The Clio Awards announced last week that it was partnering with High Times to launch Clio Cannabis, a marketing and advertising awards competition for weed products. It’s a smart idea for both parties involved in the joint venture. Clio expands its reach, and High Times partners with a venerable brand to extend its quickly expanding empire and further legitimize weed as a no-big-deal way to unwind and treat a variety of ills. And with more agencies establishing marijuana divisions (Havas recently hung out the shingle on its weed practice), there should be no end of work to enter in the competition.
The news got me thinking about the state of play in cannabis marketing and advertising. My most frequent exposure to campaigns is the billboards I see when driving around Los Angeles, which I visit frequently. Some of the outdoor ads are great. Med Men’s Stoner campaign was a riff on Rolling Stone’s legendary Perception/Reality effort that started in the mid-1980s. And Weedmaps has run an outdoor campaign notable for being issue-oriented, addressing head-on some of the myths and misconceptions around legalizing pot.

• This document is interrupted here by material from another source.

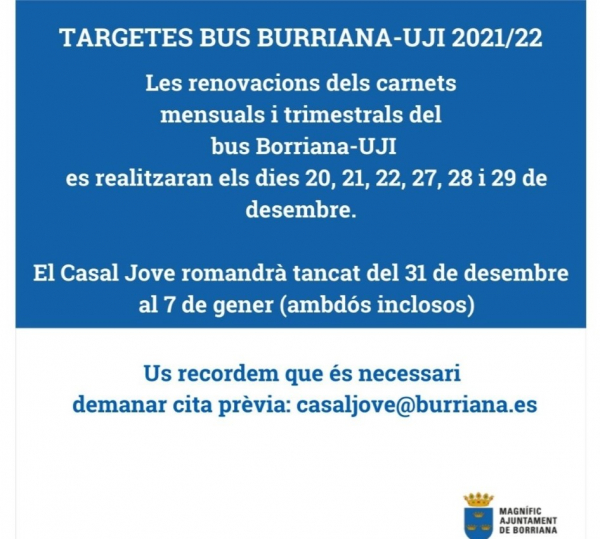 Abierto el plazo para solicitar las tarjetas del bus Burriana-UJI delsegundo semestre del curso 2021-2022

I love that these ads treat both cannabis and the viewer maturely, as if weed were just another product, one that has been around and in use for a long time. Notably absent are the stoner wink-and-nod, elbow-in-the-ribs puns and gags that make so much of the marketing—and discourse—around cannabis feel so sophomoric. Cheech and Chong aren’t relevant any more, and Harold and Kumar can use an app to order from White Castle. Beer and wine ads never say the product is going to alter your consciousness; why should marijuana ads? The stuff makes you high: we get it. Still, a preponderance of the work looks like it took its prime inspiration from Grateful Dead concert posters, circa 1968, or from a reggae album—lots of Rastafarian color schemes.